The comic follows a female assassin as she tries to maintain order in her floating city. One man, whose speeches have clear and purposeful Donald Trump-like rhetoric, wants control over everything and it’s her job to stop him.
The villain in the comic being a clear nod to Trump is fascinating. Rarely does it feel like politics are present in superhero style comics and it’s an even greater rarity to actually name the politician who is being alluded to. The man in the comic, named Stagger Berghardt, speaks of “making the float glorious again” and says, “They [the government] help outlanders, they help the indigent. But if you work? If you’re plain and honest? You get left behind.” Berghardt is described as “weaving in just enough truth and then appealing to their fears. And rich enough to get away with it.”
The comic follows the female assassin, who is nameless throughout, as she is advised by her uncle and “the bookmaker” on how to rid the island of Berghardt without killing him, so as to keep the island neutral and peaceful. The comic culminates at a Berghardt speech and rally, where things escalate up to a cliffhanger that screams for a sequel.

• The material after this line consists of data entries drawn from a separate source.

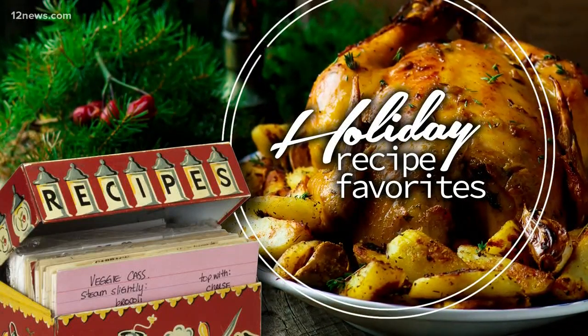Tomorrow, Vanessa shows us how to make the turkey — the main. Which, my goodness.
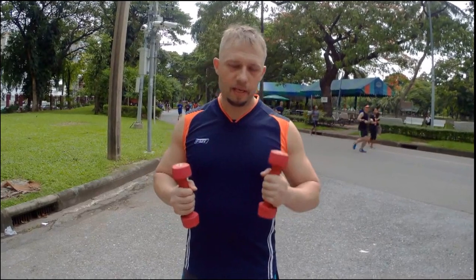My next workout for today is going to be a cardio workout. For cardio I'm going to run for 30 minutes with dumbbells in my hands. 30 minutes of running equals about five kilometers, so this is going to be my cardio workout after pull-ups and dips.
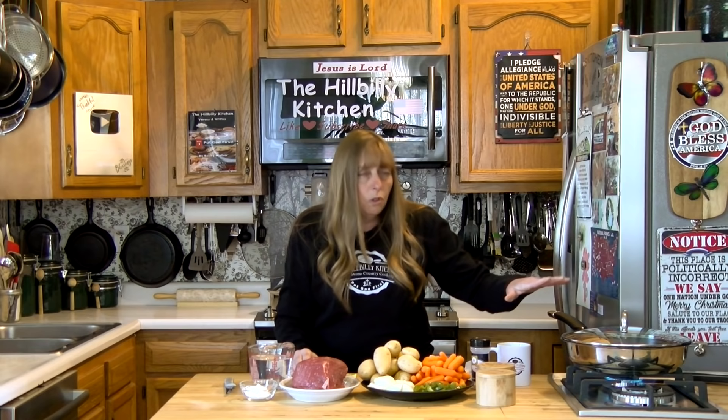Let's get our pan turned on. You do want a lid on whatever kind of pan you're using, and if I was cooking this for a big crowd I would use a dutch oven — a big round pot that's deep with a lid on it.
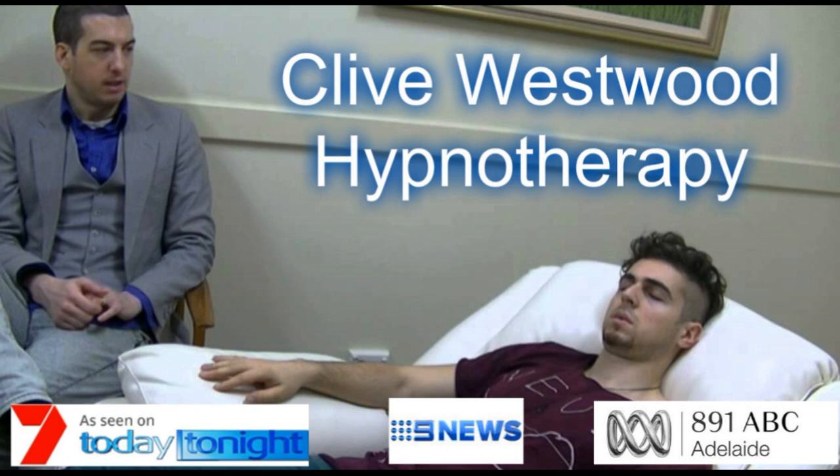As you allow your eyes to close and relax, take a deep breath, hold it, and exhale. Take another deep breath, as deep as you can.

The plot does not go overboard. It does not get too complicated and there aren’t too many characters. The authors did not overcomplicate it and were confident in the story, and it shows. It feels as if the authors had a good idea and knew it was a good idea. They didn’t hurt the story by trying to get too elaborate with the plot and the characters.
But “The Family Trade” also doesn’t give everything to the reader. There are many points throughout the comic that the reader can easily become confused, but the comic does the perfect job of keeping the reader in the dark and then hitting them with information about the world the comic takes place in.
The illustrations in “The Family Trade” are not blatantly obvious. They’re somewhat vague and really force the reader to think about what he or she is reading. While there isn’t an overwhelming amount of text, there were instances where it helped to go back and reread, because every bit of text feels like it holds a significant amount of importance.
“The Family Trade” caricatures Donald Trump in a way that is scarily real. There’s nothing funny about the Berghardt character. It is a monster they truly fear and a true danger to their society. Luckily the democracy of the United States is a little less fragile than the one in the comic.